When converting from a text item to a numeric item for the item specified by text_features
, three elements can be set.
tokenizers
[doc]dictionaries
[doc]feature_calcers
[doc]Before tokenizers
['cats so cute :)',
'mouse skare ...',
'cat defeated mouse',
'cute : mice gather army !',
'army mice defeated cat :(',
'cat offers peace',
'cat skared :(',
'cat mouse live peace :)']
After tokenizers (split with half-width space as delimiter)

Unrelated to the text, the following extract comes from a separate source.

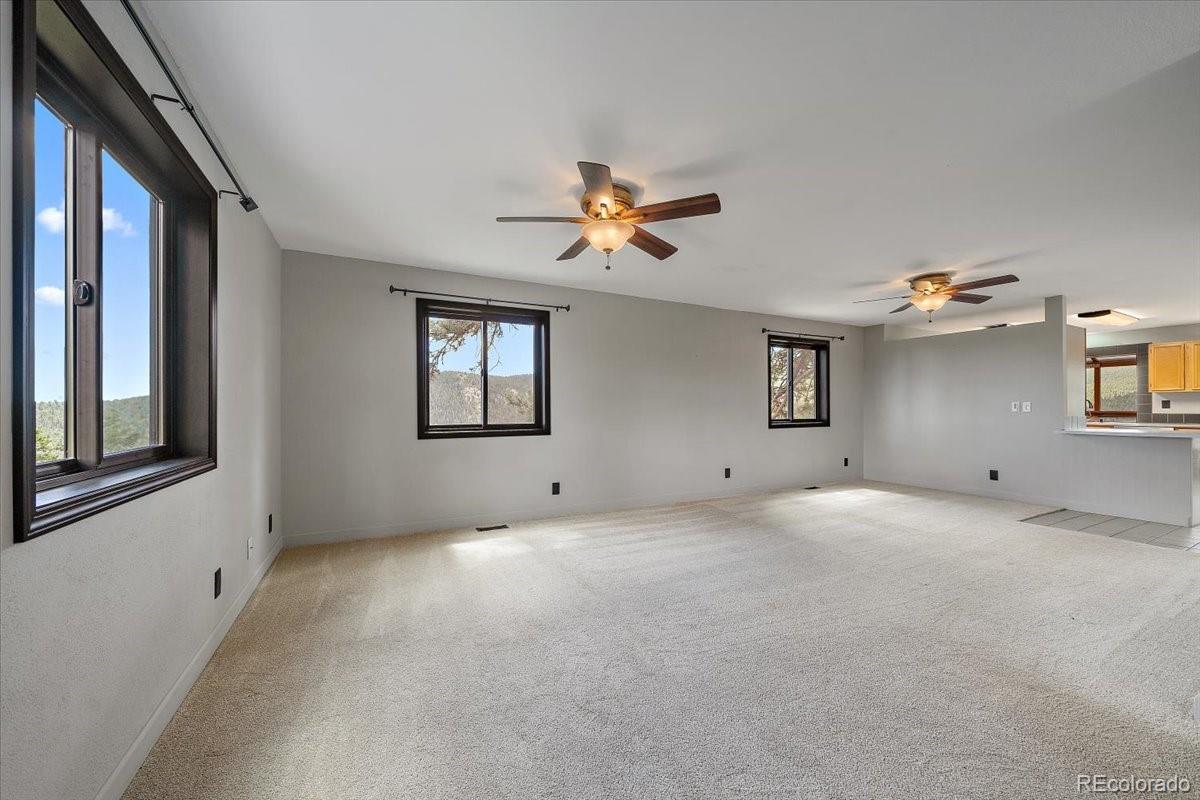 MLS Image #10 for 32482  lodgepole drive,evergreen, Colorado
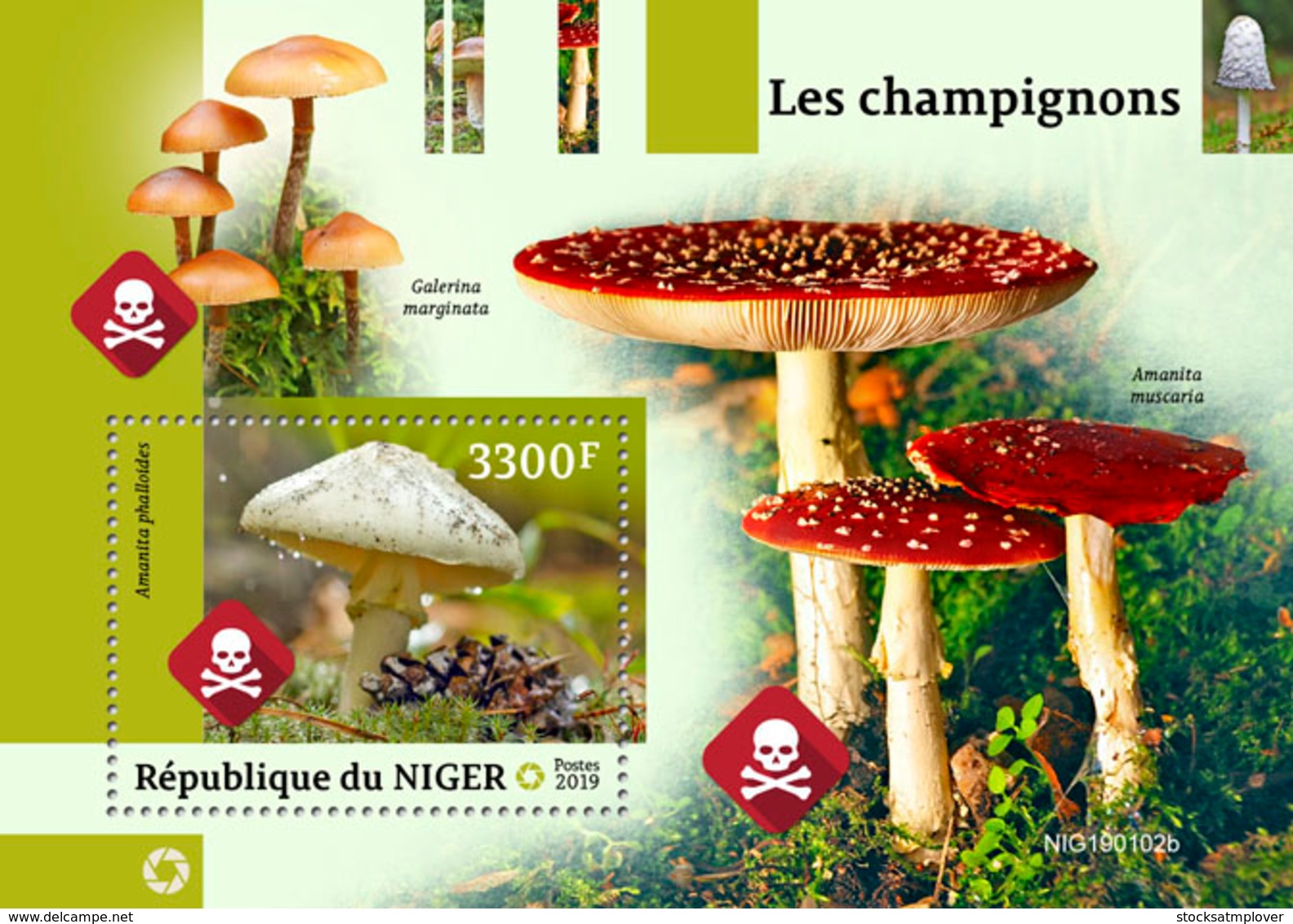 NIger  2019 Mushrooms  S201903 - Niger (1960-...)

[['cat', 'so', 'cute', ':)'],
['mouse', 'skare', '...'],
['cat', 'defeat', 'mouse'],
['cute', ':', 'mice', 'gather', 'army', '!'],
['army', 'mice', 'defeat', 'cat', ':('],
['cat', 'offer', 'peace'],
['cat', 'skare', ':('],
['cat', 'mouse', 'live', 'peace', ':)']]
It is possible to specify the above combination with feature_processing
.
Those settings are passed to catboost_params
as an argument as a dict.
Initial setting
{
"tokenizers" : [{
"tokenizer_id" : "Space", # "Space"Define tokenizers by name
"separator_type" : "ByDelimiter", #Split by delimiter
"delimiter" : " " #Delimiter is a half-width space
}],
"dictionaries" : [{
"dictionary_id" : "BiGram", # "BiGram"Define dictionaries by the name of
"max_dictionary_size" : "50000",
"occurrence_lower_bound" : "3",
"gram_order" : "2" # n-gram n=2
}, {
"dictionary_id" : "Word", # "Word"Define dictionaries by the name of
"max_dictionary_size" : "50000",
"occurrence_lower_bound" : "3",
"gram_order" : "1" # n-gram n=1
}],
"feature_processing" : {
"default" : [{ # tokenizers, dictionaries, feature_Define a combination of calcers
"dictionaries_names" : ["BiGram", "Word"],
"feature_calcers" : ["BoW"],
"tokenizers_names" : ["Space"]
}, {
"dictionaries_names" : ["Word"],
"feature_calcers" : ["NaiveBayes"],
"tokenizers_names" : ["Space"]
}],
}
}
https://catboost.ai/docs/references/text-processing__test-processing__default-value.html
Extensibility is high because various combinations can be defined, but there are many choices of setting values, so refer to the reference.
OneHotEncoding has been unnecessary for some time due to the internal processing of category items. Now that we can handle text items, we have included text items. It is now possible to create a baseline model without creating features even with table data. LightGBM is the most used baseline model in Kaggle these days, Cat Boost is likely to increase in the future. I will take it in myself.
By the way, major packages have undergone major updates over the last few months. The contents that I was personally interested in are as follows.
In addition to adding high-impact features, bag fix is also in progress. It's hard to chase, but it's just a happy scream.